= What you should do =
Your copy must hold all of the data below, unchanged and without images.

Collected data:
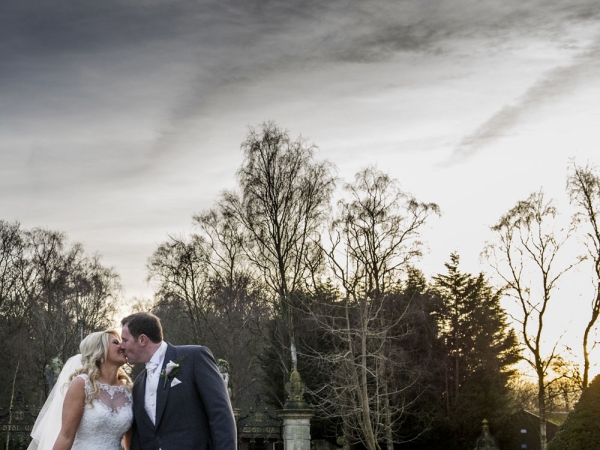 bride and groom kissing, cheshire wedding photographer, crewe hall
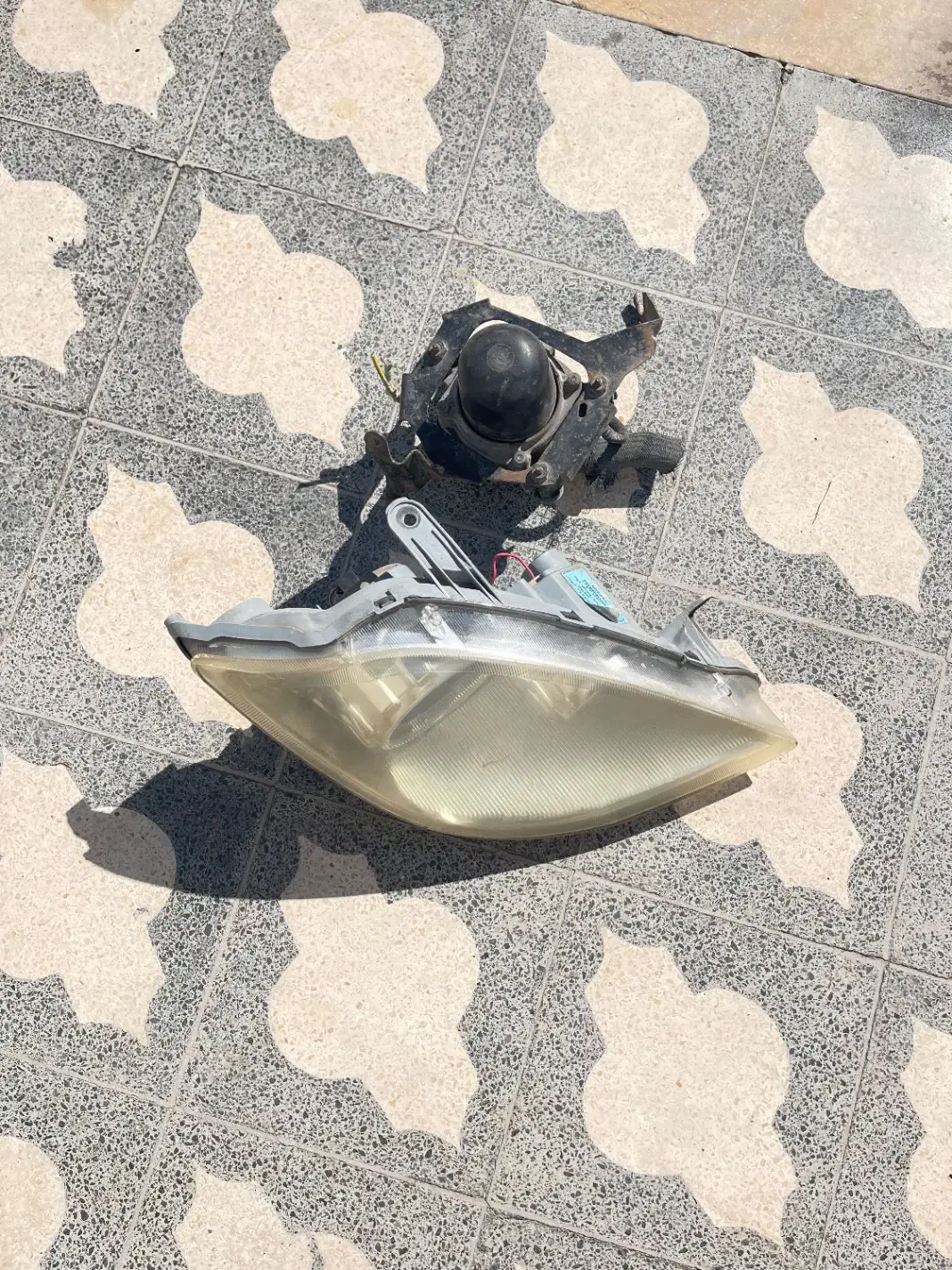 چراغ تیبا اصلی وپمپ شتاب پارس موتورزانتیا|قطعات یدکی و لوازم جانبی|شیراز, شریفآباد|دیوار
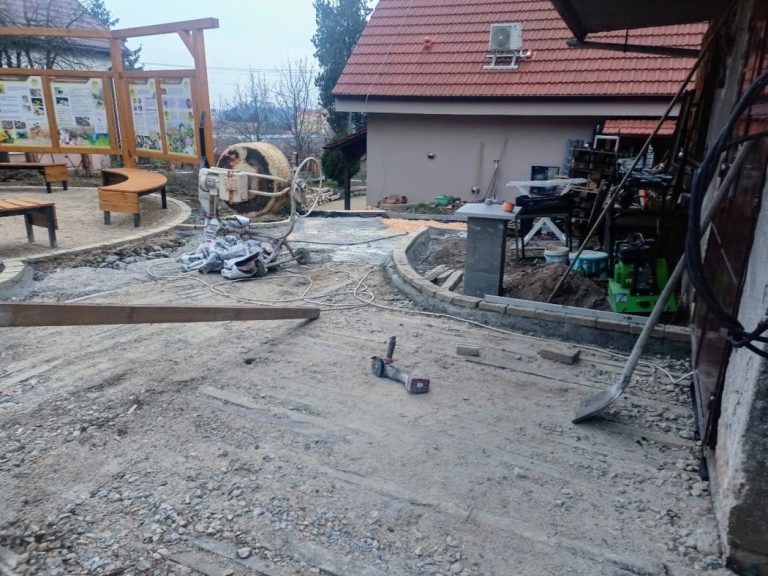 Spevnená plocha s makadamom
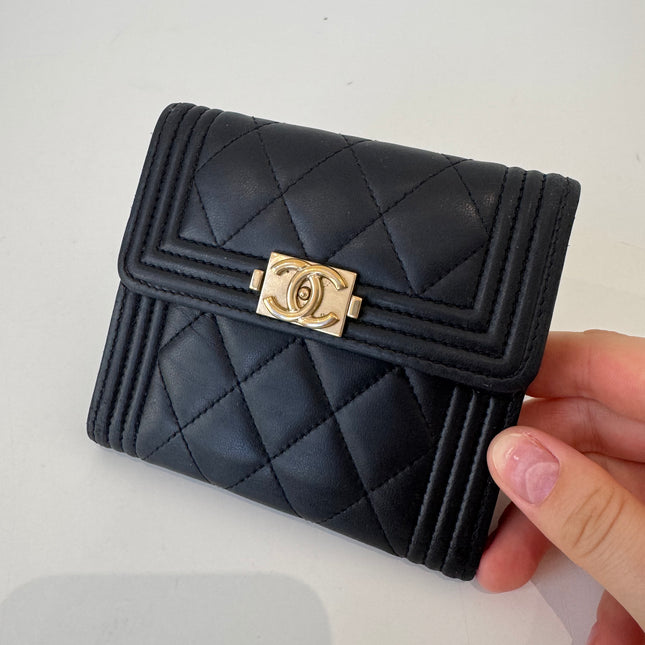 Petit portefeuille Chanel à rabat Boy noir
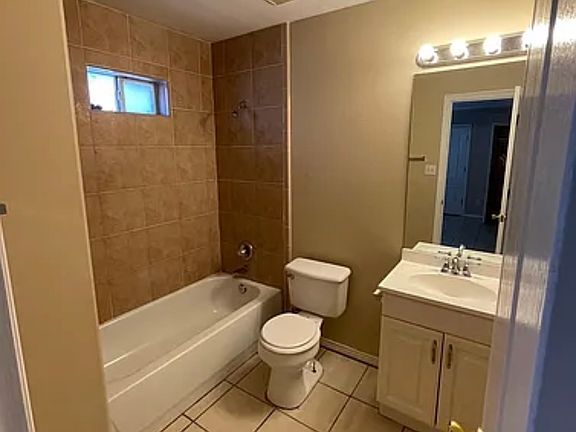 4th image of 3110 Carson St #4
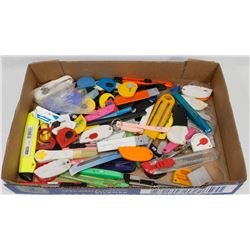 FLAT OF BOX CUTTERS.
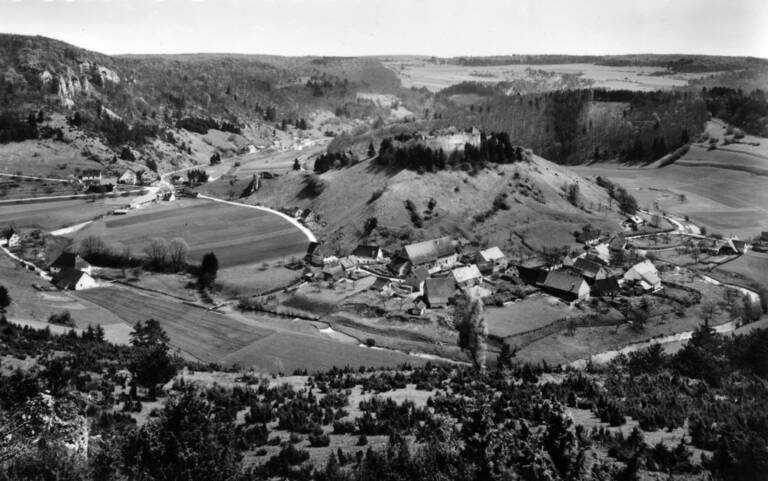 Historische Schwarzweißfotografie von Münsingen-Gundelfingen mit Ruine Niedergundelfingen. Auch zu sehen ist der Gasthof Wittstaig.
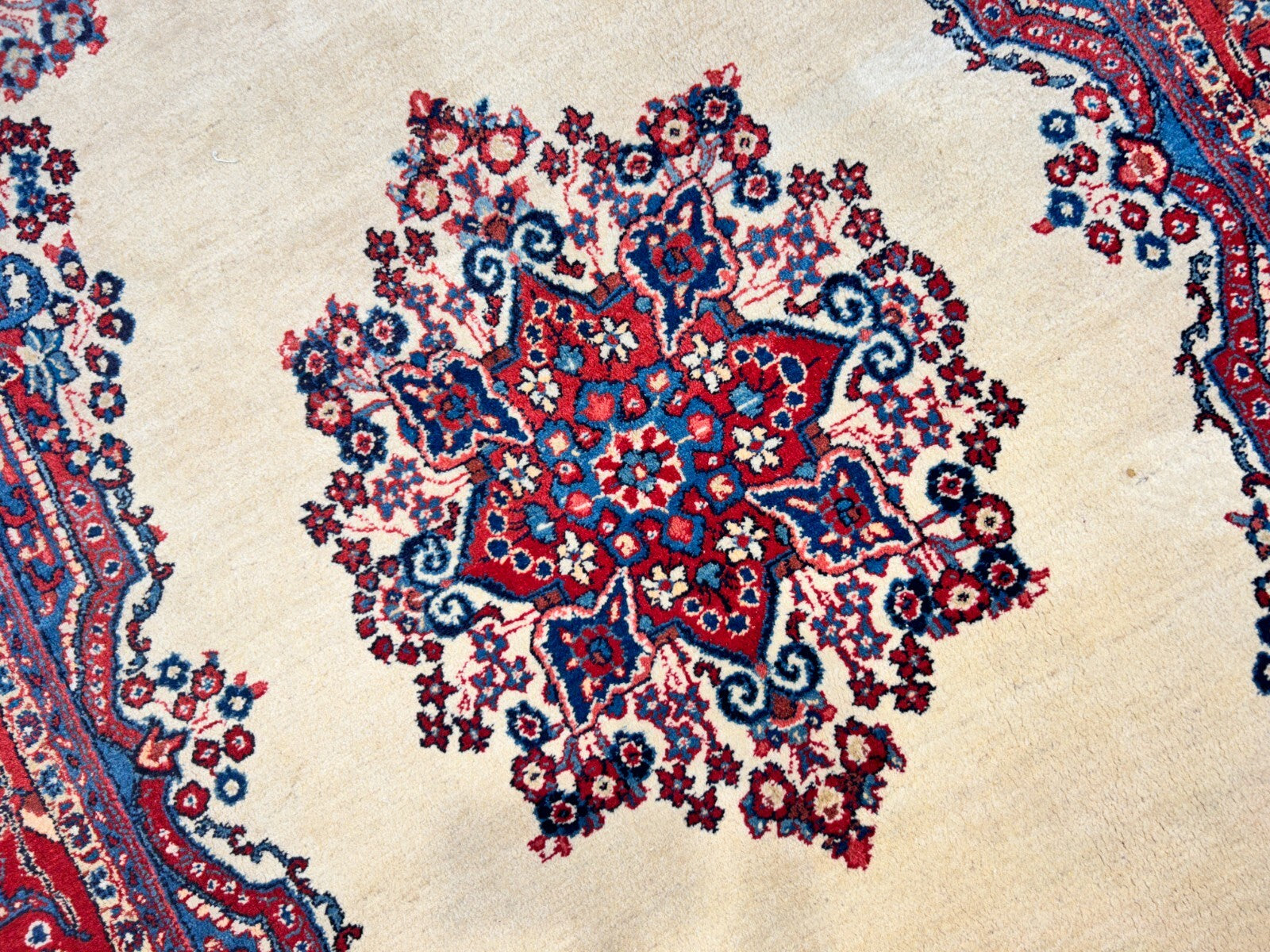 6'2"x9' Hand-Knotted 100% Wool Pile Sarouke Carpet - Area Rug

= Solution to the exercise =
 bride and groom kissing, cheshire wedding photographer, crewe hall
 چراغ تیبا اصلی وپمپ شتاب پارس موتورزانتیا|قطعات یدکی و لوازم جانبی|شیراز, شریفآباد|دیوار
 Spevnená plocha s makadamom
 Petit portefeuille Chanel à rabat Boy noir
 4th image of 3110 Carson St #4
 FLAT OF BOX CUTTERS.
 Historische Schwarzweißfotografie von Münsingen-Gundelfingen mit Ruine Niedergundelfingen. Auch zu sehen ist der Gasthof Wittstaig.
 6'2"x9' Hand-Knotted 100% Wool Pile Sarouke Carpet - Area Rug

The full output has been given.